Mimbar-MinangNews.com, Agam – Muhammadiyah Disaster Management Center (MDMC) Pusat bersama MDMC Sumatera Barat menggelar pelatihan pengisian Google Form guna meningkatkan akurasi data korban banjir galodo di Nagari Salareh Aia Timur, Kecamatan Palembayan, Kabupaten Agam, Provinsi Sumatera Barat.
Pelatihan ini merupakan bagian dari upaya asesmen kebencanaan yang dilakukan secara terstruktur dan berbasis data. Pendataan digital dipilih untuk memastikan setiap informasi yang dihimpun benar-benar mencerminkan kondisi warga terdampak, sehingga dapat digunakan sebagai dasar pengambilan keputusan dalam penyaluran bantuan pascabencana.

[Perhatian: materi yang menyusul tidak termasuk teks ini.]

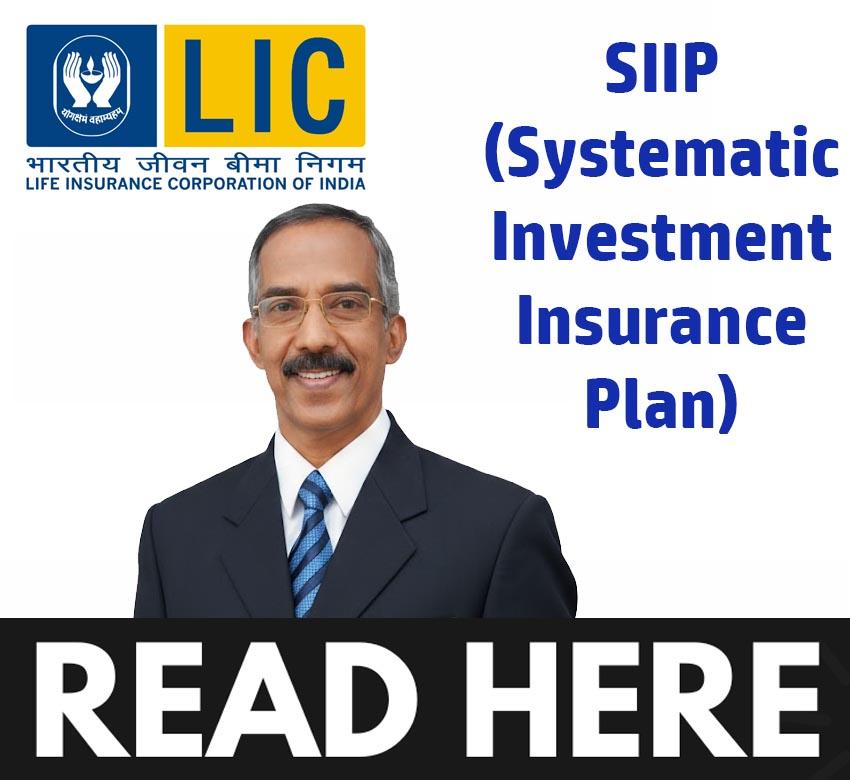 LIC SIIP (Systematic Investment Insurance Plan)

Kegiatan tersebut bertujuan untuk mendata kondisi sosial dan ekonomi warga terdampak banjir, mulai dari jumlah kepala keluarga, tingkat kerusakan rumah, hingga kebutuhan dasar yang paling mendesak. Data yang dikumpulkan melalui Google Form ini akan menjadi rujukan utama MDMC dalam menyusun program bantuan dan pemulihan agar tepat sasaran.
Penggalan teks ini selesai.